Não empurrem mais a corda

Infelizmente, na Europa e no mundo, a principal estratégia de combate à crise tem sido a de meter mais dinheiro nos bancos.

Os bancos são um mundo às avessas. Quanto mais dinheiro se mete neles, mais falidos ficam. Os nossos ativos são os passivos deles (os depósitos que lá temos são empréstimos que lhes fazemos). Os ativos dos bancos, na verdade, somos nós.

Significa isto que aquilo de que os bancos precisam não é de mais dinheiro. Os bancos precisam é de pessoas com mais dinheiro. Calha bem, porque as pessoas também precisam de mais dinheiro, depois de anos de cortes e contrações. E as pessoas também precisam de outras pessoas com mais dinheiro: os seus clientes, os seus patrões, os seus sócios, os seus empregados.

Infelizmente, na Europa e no mundo, a principal estratégia de combate à crise tem sido a de meter mais dinheiro nos bancos. Os nossos estados endividaram-se para salvar os bancos. Os bancos centrais dos EUA e do Japão criaram dinheiro para meter nos bancos. Bastante mais tarde, o Banco Central Europeu também enveredou pela via do “apoio quantitativo”, injetando dinheiro nos bancos para fazer levantar a economia real.

Era de prever que isto não funcionasse bem. Há cinco anos escrevi uma crónica em que — pensando que estava a dizer algo novo — descrevi estas políticas como uma tentativa de “empurrar uma corda pela ponta”. A intenção era explicar que há coisas que funcionam bem ou mal como mecanismo de transmissão dependendo da direção em que as usamos. Uma corda é um excelente mecanismo de transmissão quando a puxamos, como por exemplo para tocar um sino. Mas é um péssimo mecanismo de transmissão quando a empurramos: se quisermos enfiar uma corda no buraco empurrando-a pela ponta oposta ela enrola e não avança.

Alguns economistas (um exemplo recente: Stephen Roach, de Yale) afirmam que isto se passa com os bancos porque a economia mudou.
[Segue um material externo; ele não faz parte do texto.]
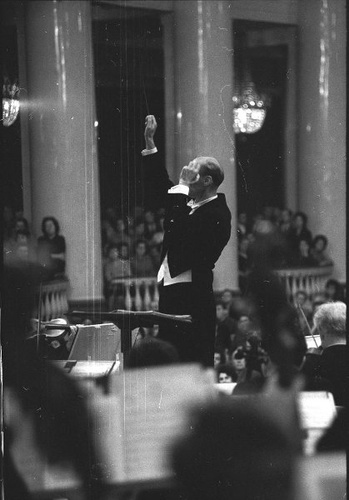 Фото "Евгений Мравинский за дирижерским пультом", 1966 год, г ...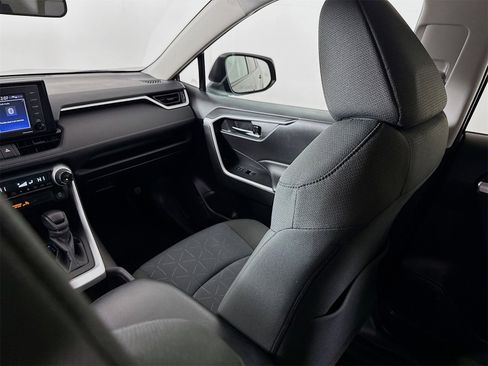 Certified 2022 Toyota RAV4 XLE image 20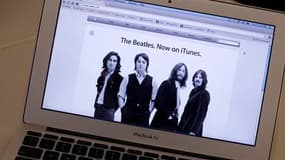 Moins de vingt-quatre heures après leur entrée sur la boutique de vente de musique en ligne iTunes, les albums des Beatles se bousculaient mardi en tête des téléchargements. /Photo prise le 16 novembre 2010/REUTERS/Mike Segar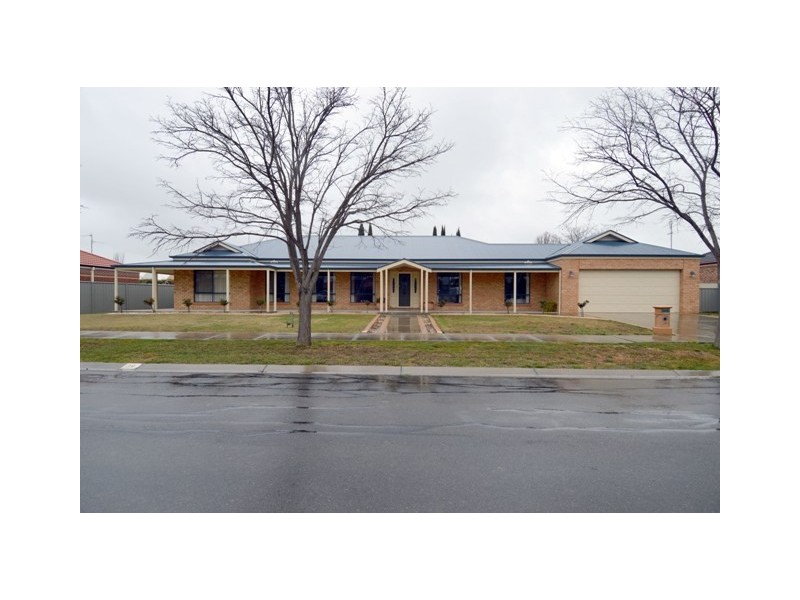 19 Caroline Court, Echuca VIC 3564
Segundo eles, meter dinheiro nos bancos para chegar à economia real era uma política eficaz no passado, mas hoje este dinheiro dissipa-se no mercado de capitais. Mas um pouco de história demonstrará que este foi sempre o caso: o dinheiro metido nos bancos vai parar sempre aos bolsos dos mesmos.

Algum tempo depois de ter escrito a crónica sobre “empurrar uma corda pela ponta”, comecei a ver referências — que ignorara antes ou tinha já esquecido — à mesmíssima frase como tendo sido usada por Keynes. E uma breve pesquisa na internet sugere que não foi Keynes a dizê-lo, mas um congressista americano numa audição com o banqueiro central dos EUA em 1935. O problema de então era o problema de hoje: o dinheiro metido nos bancos ficava nos banqueiros.

Pior: a insistência em meter dinheiro nos bancos não fará mais do que gerar uma justificadíssima ira na população em geral. Será possível, pergunta-se toda a gente, que após seis anos de resgates a bancos estejamos de novo a ouvir falar de um colapso do sistema bancário ao virar da esquina?

Os governos, da União Europeia e não só, têm neste momento uma escolha muito simples. Ou enveredam por um plano urgente — por exemplo, através de créditos concedidos diretamente a instituições que prestam serviços públicos — para dar emprego às pessoas e meter-lhes dinheiro nos bolsos, ou um novo colapso da banca poderá arrastar consigo as esperanças da democracia no continente.